Another Town Forced To Cancel Easter Egg Hunt Due To Pushy, Violent Parents

Come on, parents, pull yourselves together and act decent for your kids, because this is getting ridiculous: Yet another town, this one in Georgia, is canceling an Easter Egg hunt over concerns that parents will get violent during the festivities.

The Easter Bunny’s visit to Macon’s Central City Park is usually one of the largest in the area, says the Macon Telegraph, but the hunt’s coordinator says he’s canceling it because “parents caused a situation in which some children got hurt.”

Even with different areas of the park set aside for various age groups, parents would still insist on tagging along with their kids, and incidents occurred where parents became violent while trying to get their kids the most eggs.

In the past, a woman was injured and several children were “trampled on.” For the love of Peeps, people!

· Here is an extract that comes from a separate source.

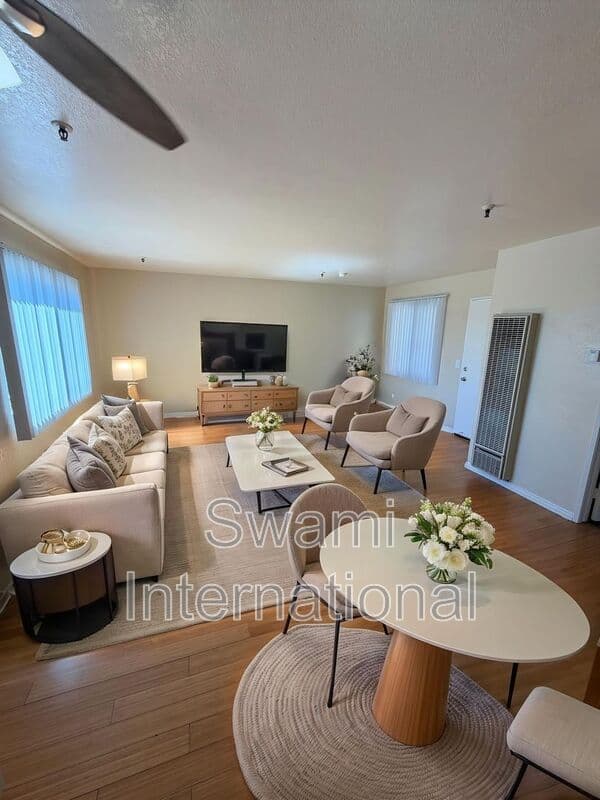 Hawthorne Condo: 12627 Eucalyptus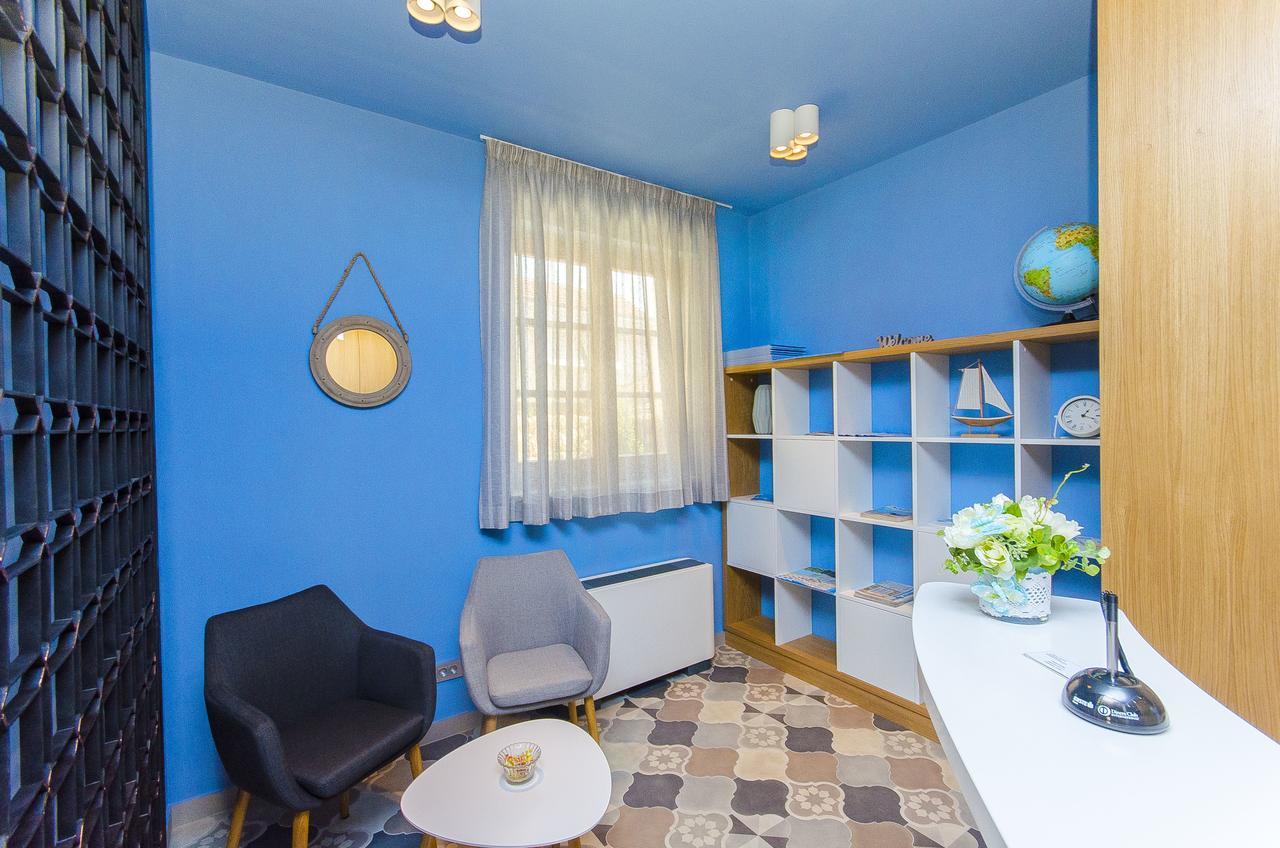 Dvor Hostel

We’re ashamed of you.

Fortunately for the citizens of Macon, there are a few other options for a Sunday hunt. Just remember to behave yourselves out there and avoid trodding on children.

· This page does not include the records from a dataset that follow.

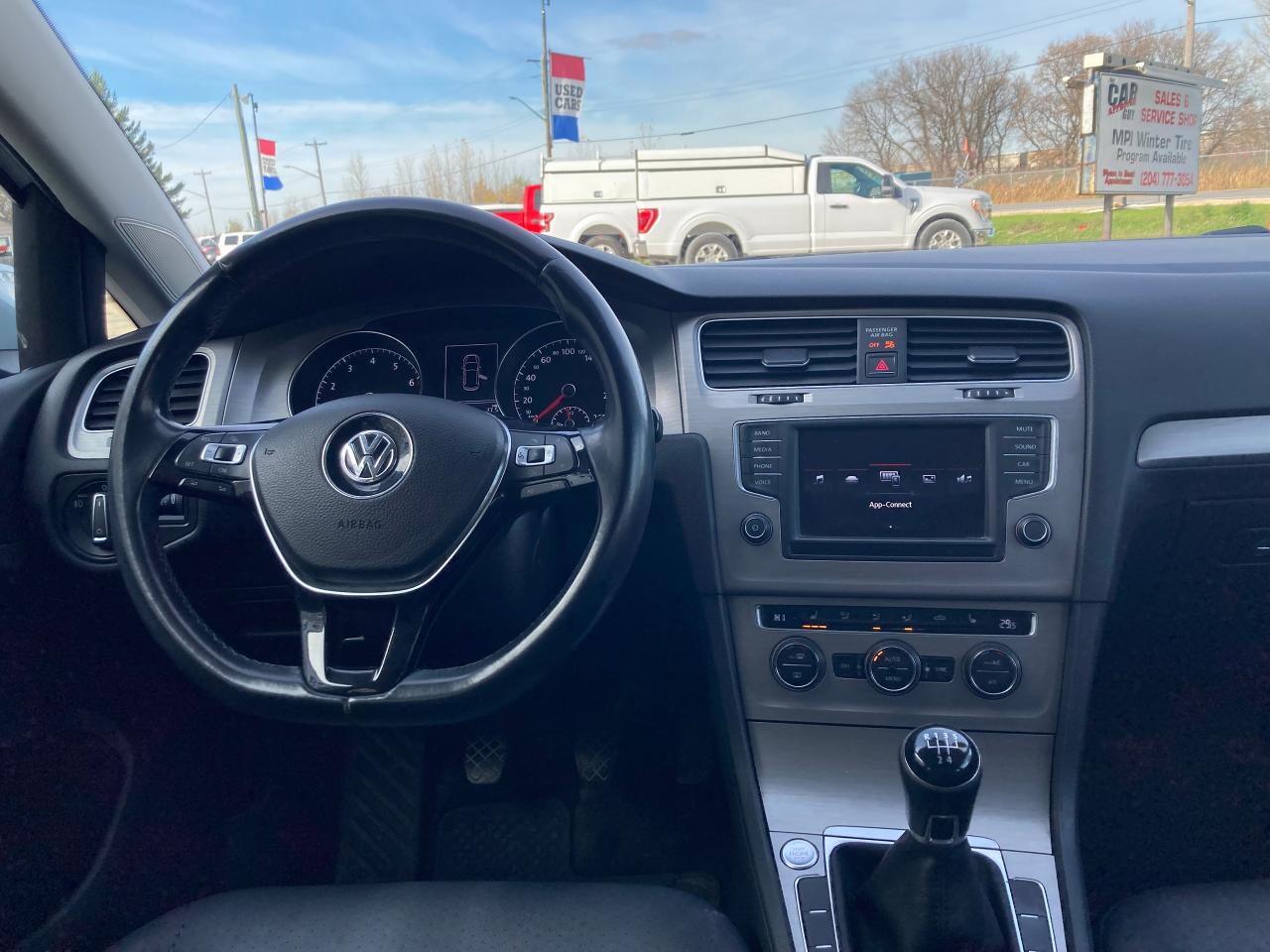 2016 Volkswagen Golf S - Photo #14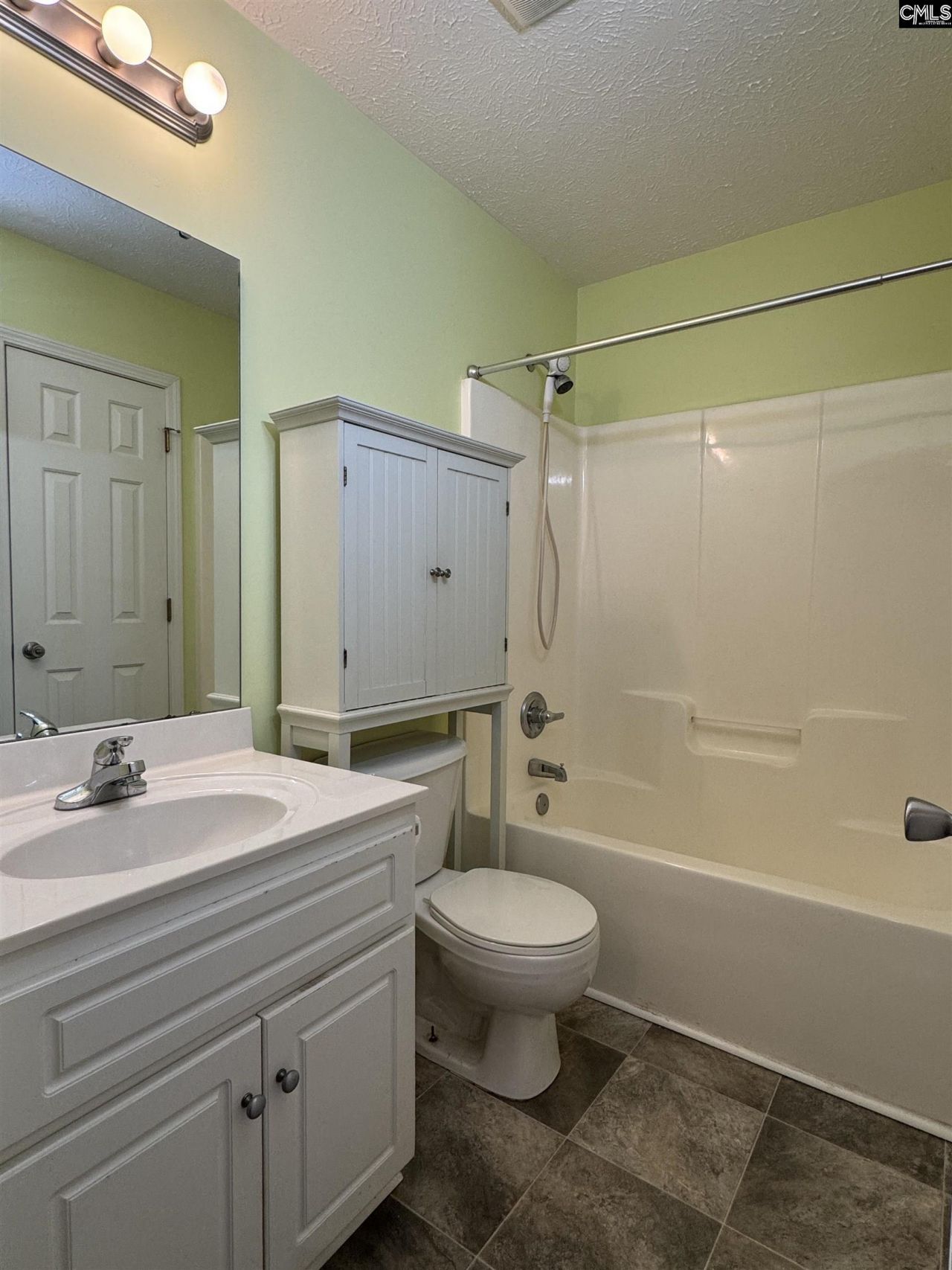 188 Crestland Drive Photo 16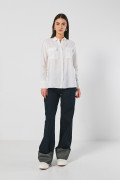 Blusa unicolor manga larga con doble bolsillo con tapa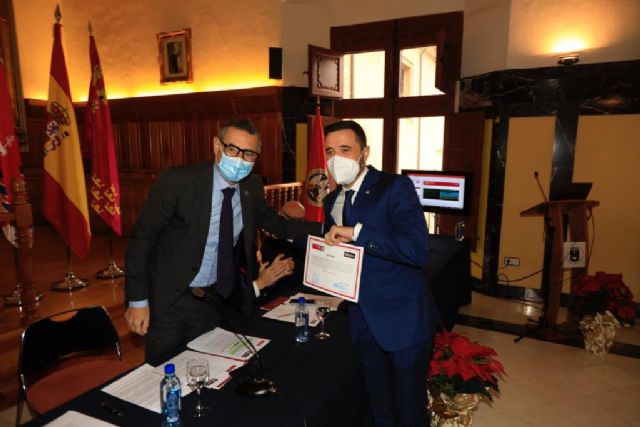 Tres proyectos vinculados a las Ciencias de la Salud de la Universidad de Murcia reciben en el Ayuntamiento de Caravaca los 'Premios a la Investigación' de la Fundación Robles Chillida - 3, Foto 3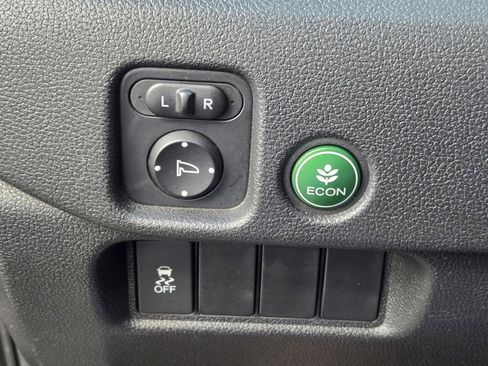 Used 2016 Honda Pilot EX-L image 26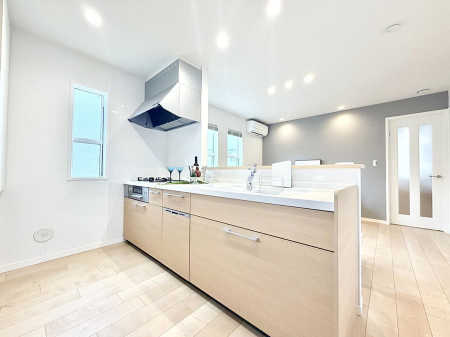 �L�b�`���@�������L���C�ɕЕt���A�g���₷���L�b�`��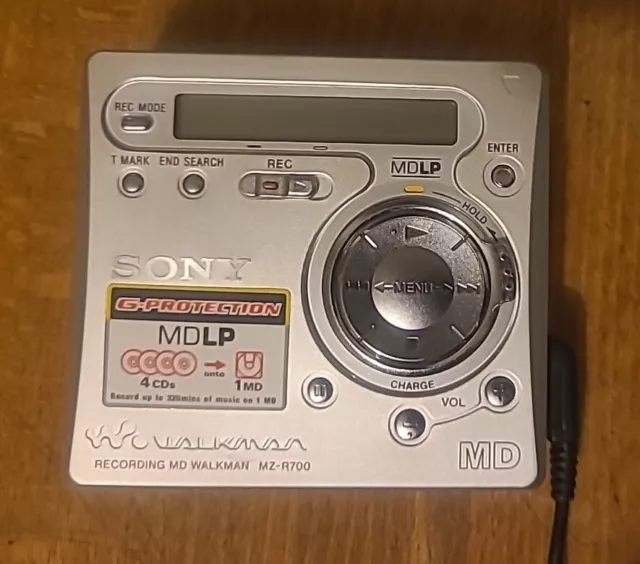 SONY Walkman MD Portable Minidisc Recorder MD Walkman MZ-R700 Gris - Fonctionne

No Easter bunny at Macon’s Central City Park this year [The Telegraph]


Edit Your Comment

  1. tbax929 says:

    It’s the end of the world as we know it…

    And I feel fine.

  2. Phil Keeps It Real [Consumerist] says:

    I just wanted to let everyone know that I love Peeps, especially the strawberry creme Valentine edition heart shaped type. I think I will go and get my fix on now !

  3. Nobody can say "Teehee" with a straight face says:

    It’s fine if your child’s feelings get hurt. It’s fine if they get a little bruise. Let your child experience setbacks. They don’t have to be perfect in everything they do, that will only ruin their personality. A parent who doesn’t let their child fail every so often is a failure of a parent.

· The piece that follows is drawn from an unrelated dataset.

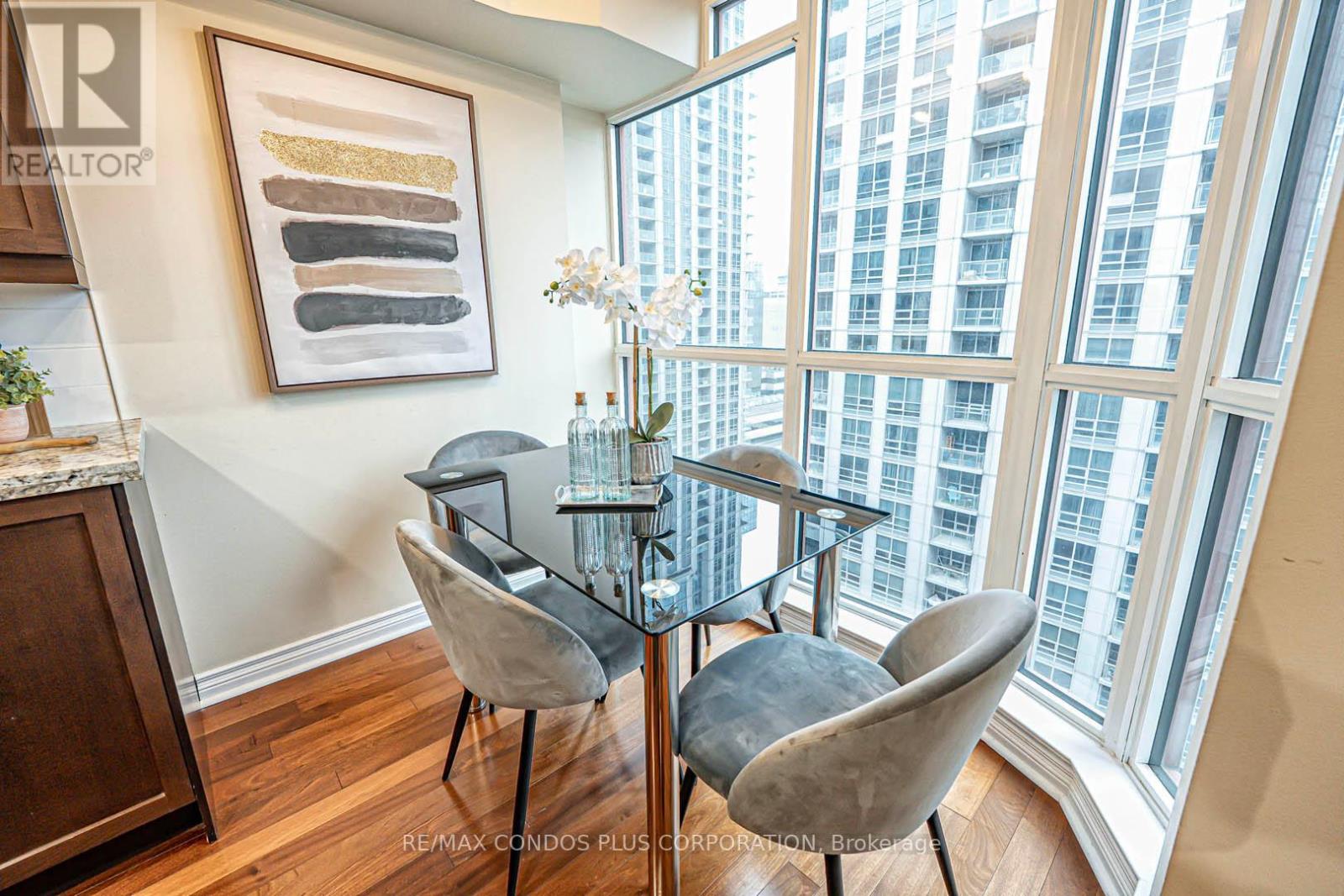 1810 - 736 Bay Street, Toronto, Ontario  M5G 2M4 - Photo 6 - C12200632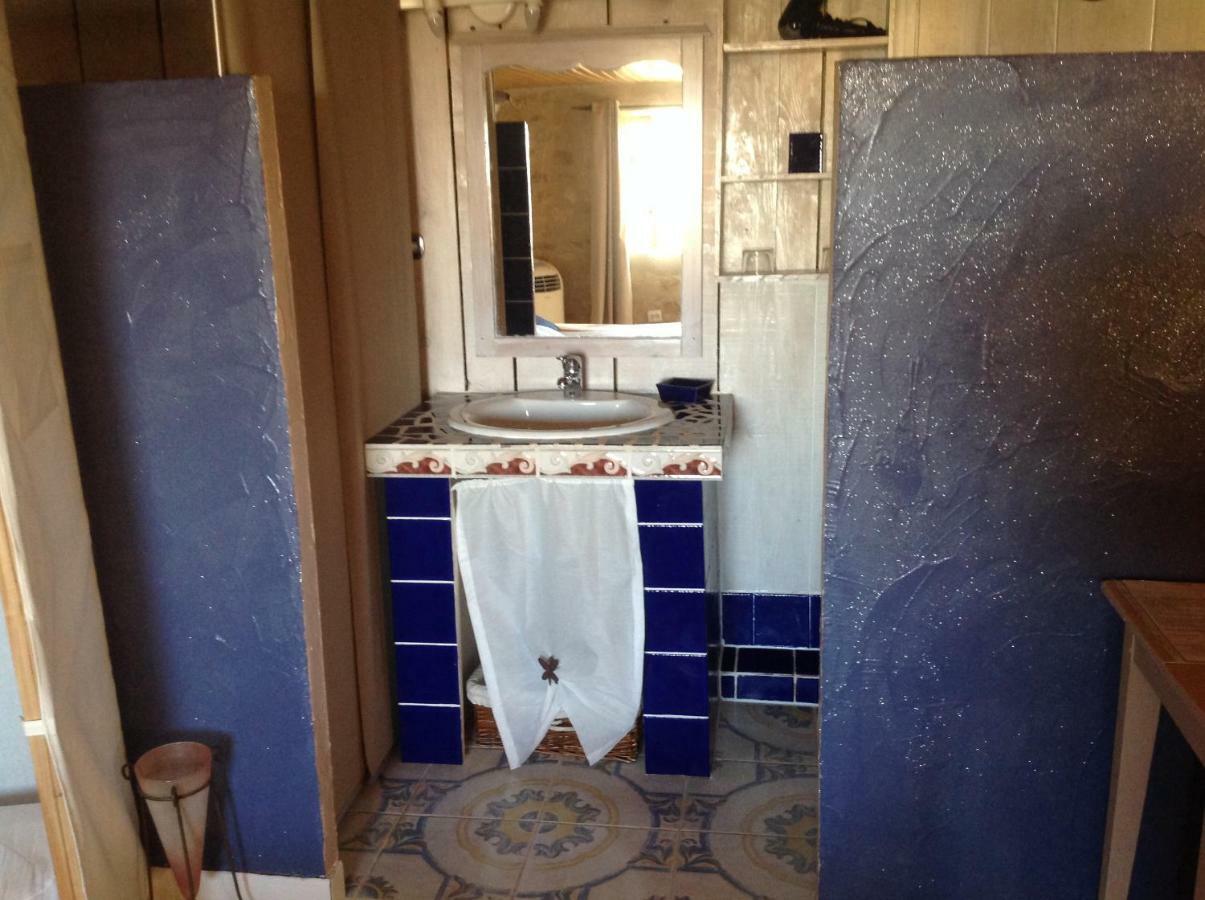 Le Prieure Bed and Breakfast Saint-Pey-de-Castets Exterior foto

    • frankrizzo:You're locked up in here with me. says:

      Well said.

    • catastrophegirl chooses not to fly says:

      also, the egg fight will rake in lots of youtube views and maybe a little ad revenue towards junior’s college fund

    • kc2idf says:

      Agreed that children should experience setbacks once in a while.

      I had the thought that perhaps, since the parents seem determined not to let their children suffer minor setbacks, the threat should be this: You get one warning. One. You get in there a second time, and you, and your child are out, and your child must give up any findings. No, you can not have your entry fee back, and the word “cheating” must be used, because kids understand that word.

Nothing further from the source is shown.